__Aim of the exercise__
In the listing below, a line holding "21.09.2013 GDANSK ERGO" and a line holding "Kitchen - 3807" mark the range. Retype both exactly, with all lines between them.

__Records provided__
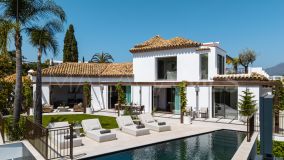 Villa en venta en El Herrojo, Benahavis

--

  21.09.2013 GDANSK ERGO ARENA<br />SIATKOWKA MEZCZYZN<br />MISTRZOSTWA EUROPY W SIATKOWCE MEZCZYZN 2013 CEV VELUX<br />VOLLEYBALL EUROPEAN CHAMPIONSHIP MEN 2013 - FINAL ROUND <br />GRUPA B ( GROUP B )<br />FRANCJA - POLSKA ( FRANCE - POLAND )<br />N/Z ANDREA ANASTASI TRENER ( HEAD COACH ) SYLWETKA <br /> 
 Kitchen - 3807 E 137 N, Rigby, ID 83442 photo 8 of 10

__Exercise response__
  21.09.2013 GDANSK ERGO ARENA<br />SIATKOWKA MEZCZYZN<br />MISTRZOSTWA EUROPY W SIATKOWCE MEZCZYZN 2013 CEV VELUX<br />VOLLEYBALL EUROPEAN CHAMPIONSHIP MEN 2013 - FINAL ROUND <br />GRUPA B ( GROUP B )<br />FRANCJA - POLSKA ( FRANCE - POLAND )<br />N/Z ANDREA ANASTASI TRENER ( HEAD COACH ) SYLWETKA <br /> 
 Kitchen - 3807 E 137 N, Rigby, ID 83442 photo 8 of 10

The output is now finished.